Binge Eating to Fight Boredom?

Category: Nutrition 323 0

Many people across the country have resorted to binge eating to cope with the coronavirus, but relying on unhealthy snacks is detrimental in the long run, according to Lina Begdache, assistant professor of health and wellness at Binghamton University, State University of New York. Begdache says that binge eating is mainly caused by stress, which can alter the chemical in your brain that regulates mood, sleep and appetite. While people can get a temporary feeling of happiness from unhealthy food, it tends to lead to feelings of depression.

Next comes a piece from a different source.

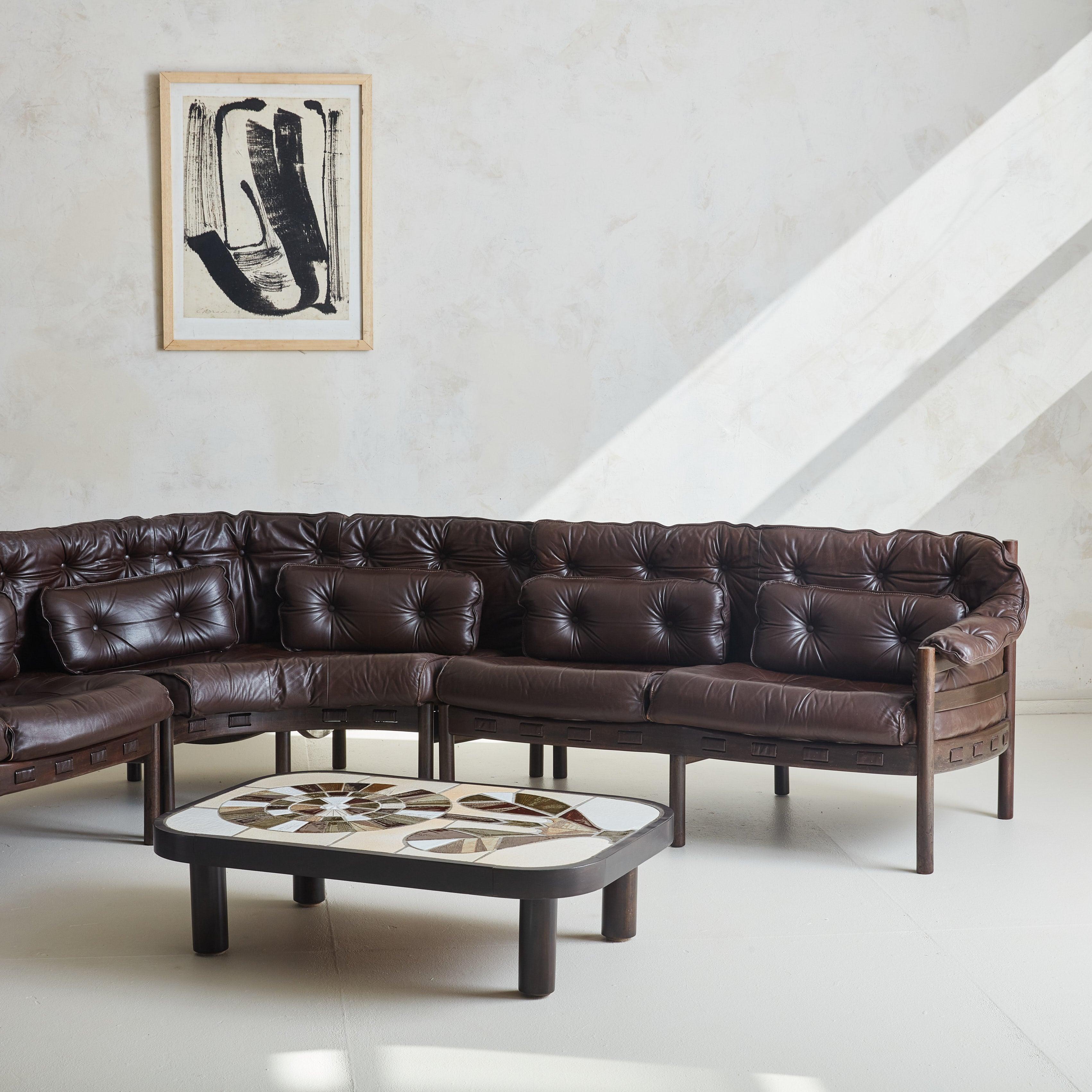 Moderne Canapé 3 pièces Modèle 925 d'Arne Norell pour Coja Culemborg, Suède, années 1960 en vente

“Binge eating during quarantine could be stress-related or just due to boredom,” says Begdache. “Stress alters brain chemistry, namely levels of serotonin. The latter is a neurochemical that regulates mood, sleep and appetite. By depressing serotonin levels, appetite regulation is disrupted and the brain craves food that stimulates serotonin biosynthesis. Although serotonin precursor is tryptophan, an amino acid that comes from protein, its transport to the brain is dependent on insulin, which is elevated after eating carbohydrates. Another important brain chemical lowered by stress is dopamine, which controls motivation, movement, learning and focus. When dopamine levels decrease, individuals lose motivation to eat healthy and exercise. After binge eating, people often feel ‘depressed’ about their bingeing.”

Why we need to eat right

“Mechanistically, eating food high in simple carbohydrates such as sweets, temporarily elevates serotonin due to a fast increase in blood insulin. However, serotonin eventually crashes due to the sudden drop in insulin after a while, leading to a depressed mood. Unhealthy foods tend to be high in fat and are also devoid of several vitamins and minerals that support brain function and neurochemistry. Fat is a palatable nutrient, which means it activates receptors on the taste buds and stimulates the release of dopamine, the ‘motivation chemical’. Dopamine activates the ‘pleasure centers’ in the brain which learns that eating these types of food ‘brings pleasure’ and improves mood. However, the catch is that with binge-eating, people are getting both the simple carbs and fat in unhealthy foods. The drop in insulin following the sharp rise after eating simple carbs will lead to an eventual drop in blood sugar, which will activate the stress response, as the body is seeking more carbohydrates to replenish blood sugar. This stress response causes dopamine to turn into the stress-hormones catecholamines, such as epinephrine and norepinephrine, which promote stress-related eating. Consequently, to feel better people resort to eating the ‘comfort food’ again and a vicious cycle of binge eating and low mood develops.

“Ultimately, eating healthy provides your brain with the essential nutrients needed for optimal function. Eating healthy means individuals are consuming complex carbohydrates and fiber, which control blood sugar and, hence, insulin levels. By keeping a steady blood insulin, not only do you control your stress response but you also preserve the key brain chemicals that support a positive mood.”